Androgen receptor functions from reverse genetic models

Abstract

The androgen receptor (AR) is a ligand-dependent transcription factor involved in the regulation of many different physiological processes. AR dysfunction causes a diverse range of clinical conditions, including testicular feminization mutation (Tfm) syndrome, prostate cancer, and motor neuron disease (Kennedy’s disease). However, due to lack of genetic models, the molecular basis of the AR in these disorders remains largely unknown. Using a conditional targeting technique based on the Cre-loxP system, we successfully generated null AR mutant (ARKO) mice. ARKO males exhibited normal healthy growth, but showed typical Tfm abnormalities. Hormonal assay of ARKO males revealed that while serum androgen levels were very low, estrogen levels were normal. Another hallmark of ARKO males was late-onset obesity, with marked accumulation of white adipose tissue. To clarify the role of human AR (hAR) mutants with expanded polyQ stretches as observed in neurodegenerative disease, we also established a Dorsophila model in which either wild-type or polyQ-expanded hAR were ectopically expressed.

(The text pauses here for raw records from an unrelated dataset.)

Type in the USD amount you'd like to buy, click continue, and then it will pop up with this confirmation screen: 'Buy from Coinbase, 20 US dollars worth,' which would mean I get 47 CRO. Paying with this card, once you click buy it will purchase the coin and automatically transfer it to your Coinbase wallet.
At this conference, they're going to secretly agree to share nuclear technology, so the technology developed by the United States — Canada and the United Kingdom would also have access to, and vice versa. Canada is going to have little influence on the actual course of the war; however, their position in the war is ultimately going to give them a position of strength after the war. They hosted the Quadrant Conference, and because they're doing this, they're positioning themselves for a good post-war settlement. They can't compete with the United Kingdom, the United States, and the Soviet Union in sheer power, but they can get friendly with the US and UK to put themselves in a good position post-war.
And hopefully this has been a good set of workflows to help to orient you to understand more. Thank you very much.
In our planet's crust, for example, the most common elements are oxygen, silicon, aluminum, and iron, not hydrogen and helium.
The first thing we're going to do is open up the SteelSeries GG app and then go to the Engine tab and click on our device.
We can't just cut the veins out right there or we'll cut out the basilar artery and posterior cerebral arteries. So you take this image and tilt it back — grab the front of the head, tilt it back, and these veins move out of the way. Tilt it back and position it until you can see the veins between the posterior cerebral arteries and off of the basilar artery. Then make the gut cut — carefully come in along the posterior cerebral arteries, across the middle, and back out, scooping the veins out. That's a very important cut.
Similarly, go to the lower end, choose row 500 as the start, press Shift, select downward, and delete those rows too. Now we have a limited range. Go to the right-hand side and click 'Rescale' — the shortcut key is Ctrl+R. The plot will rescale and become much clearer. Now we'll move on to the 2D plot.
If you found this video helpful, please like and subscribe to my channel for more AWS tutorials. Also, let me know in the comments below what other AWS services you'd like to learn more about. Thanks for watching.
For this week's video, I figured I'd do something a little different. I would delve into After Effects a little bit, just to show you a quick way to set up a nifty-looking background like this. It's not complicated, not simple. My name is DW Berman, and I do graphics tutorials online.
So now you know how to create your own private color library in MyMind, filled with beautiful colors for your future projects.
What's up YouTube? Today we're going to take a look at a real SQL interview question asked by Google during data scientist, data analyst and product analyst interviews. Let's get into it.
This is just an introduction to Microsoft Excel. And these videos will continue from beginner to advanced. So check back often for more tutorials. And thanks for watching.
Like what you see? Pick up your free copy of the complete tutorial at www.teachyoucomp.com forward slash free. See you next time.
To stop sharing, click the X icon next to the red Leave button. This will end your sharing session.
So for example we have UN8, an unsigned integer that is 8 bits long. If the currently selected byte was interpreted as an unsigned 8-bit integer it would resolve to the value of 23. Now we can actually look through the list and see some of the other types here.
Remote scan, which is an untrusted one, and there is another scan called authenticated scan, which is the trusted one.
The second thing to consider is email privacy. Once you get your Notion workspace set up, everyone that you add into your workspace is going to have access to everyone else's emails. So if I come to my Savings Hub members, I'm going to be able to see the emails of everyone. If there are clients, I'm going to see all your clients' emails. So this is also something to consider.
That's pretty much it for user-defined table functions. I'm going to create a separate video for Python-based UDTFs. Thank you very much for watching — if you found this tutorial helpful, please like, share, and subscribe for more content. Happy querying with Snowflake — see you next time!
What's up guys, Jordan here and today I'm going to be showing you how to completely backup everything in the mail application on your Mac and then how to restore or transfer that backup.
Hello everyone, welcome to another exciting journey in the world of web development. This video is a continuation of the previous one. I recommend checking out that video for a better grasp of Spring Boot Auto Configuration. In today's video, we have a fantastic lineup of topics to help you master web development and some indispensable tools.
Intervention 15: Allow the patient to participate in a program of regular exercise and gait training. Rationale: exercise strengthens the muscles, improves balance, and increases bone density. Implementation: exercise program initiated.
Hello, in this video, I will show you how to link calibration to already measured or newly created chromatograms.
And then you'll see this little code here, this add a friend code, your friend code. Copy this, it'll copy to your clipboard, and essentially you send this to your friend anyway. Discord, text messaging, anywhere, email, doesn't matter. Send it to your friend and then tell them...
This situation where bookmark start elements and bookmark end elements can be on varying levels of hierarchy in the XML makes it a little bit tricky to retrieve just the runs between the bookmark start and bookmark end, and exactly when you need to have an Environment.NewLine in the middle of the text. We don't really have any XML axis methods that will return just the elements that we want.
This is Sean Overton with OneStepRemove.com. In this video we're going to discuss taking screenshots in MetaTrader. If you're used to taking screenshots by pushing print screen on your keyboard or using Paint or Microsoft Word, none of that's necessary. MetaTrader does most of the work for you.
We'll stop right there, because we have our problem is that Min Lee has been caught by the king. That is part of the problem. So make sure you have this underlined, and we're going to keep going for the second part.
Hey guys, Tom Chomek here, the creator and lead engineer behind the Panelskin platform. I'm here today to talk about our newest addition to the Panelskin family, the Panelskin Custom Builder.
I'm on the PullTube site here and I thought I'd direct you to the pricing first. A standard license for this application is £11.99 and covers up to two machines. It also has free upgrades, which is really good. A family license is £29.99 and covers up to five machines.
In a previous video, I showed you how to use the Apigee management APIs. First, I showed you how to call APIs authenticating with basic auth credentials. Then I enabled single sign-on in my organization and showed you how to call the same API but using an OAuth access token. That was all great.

Although no overt phenotype was detected in adult fly-eye neurons expressing mutant hAR, the ingestion of androgen caused marked neurodegeneraton.

Introduction

The androgen receptor (AR) plays an essential role in a variety of biological processes, not restricted to male reproductive functions such as Wolffian duct development and spermatogenesis [1], [2]. Testosterone and its more potent metabolite, dihydrotestosterone, act as ligands for AR, and liganded AR activates the target gene expression at transcriptional level. Liganded AR form homodimers and bind specific DNA elements referred to as androgen responsive elements (ARE) in target gene promoters [3], [4]. The AR gene comprises eight exons that encode a 110 kDa protein. Members of the steroid/thyroid hormone family share common structural features, with distinct functional domains referred to as domains A to E(F). The highly conserved middle region (C domain) acts as a DNA binding domain, while the ligand binding domain (LBD) is located in the C-terminal E/F domain. During ligand-induced transactivation, the N-terminal domains A/B and the steroid receptor LBD act as interacting regions for the co-activator complexes [5], [6], [7]. The autonomous activation function-1 (AF-1) within the A/B domain is ligand-independent, while AF-2 within the LBD is induced upon ligand binding [8]. While unliganded LBD appears to suppress the function of the A/B domain, ligand binding to the LBD is thought to evoke LDB function and restore A/B domain function through an, as yet undescribed, intramolecular alteration of the entire steroid receptor structure.

In contrast to the other members of the steroid receptor superfamily, a number of clinical disorders of the AR have been reported [9], [10], [11], [12], [13], [14]. Classical AR functional abnormalities cause a spectrum of disorders of androgen insensitivity syndrome (AIS) or testicular feminization mutation (Tfm) [10], [13], [14]. AR mutations underlying these disorders include amino acid substitutions in the DNA or ligand binding domains, point mutations leading to premature stop codons, and deletions of the AR gene. In addition, expansion of a polyQ repeat region within AR has been implicated in the pathogenesis of a motor neuron disease called Kennedy’s disease [9], [12]. AR is a relatively large protein to other steroid receptors, due to the long N-terminal A/B domain that contains this polyQ repeat. However, the molecular basis of AR function underlying these AR-related disorders remains largely unknown due to the lack of stable genetic models. In this article, we present recent results of our studies into genetic models of loss of AR function in mice [15], [16] and gain of AR function in Drosophila [17].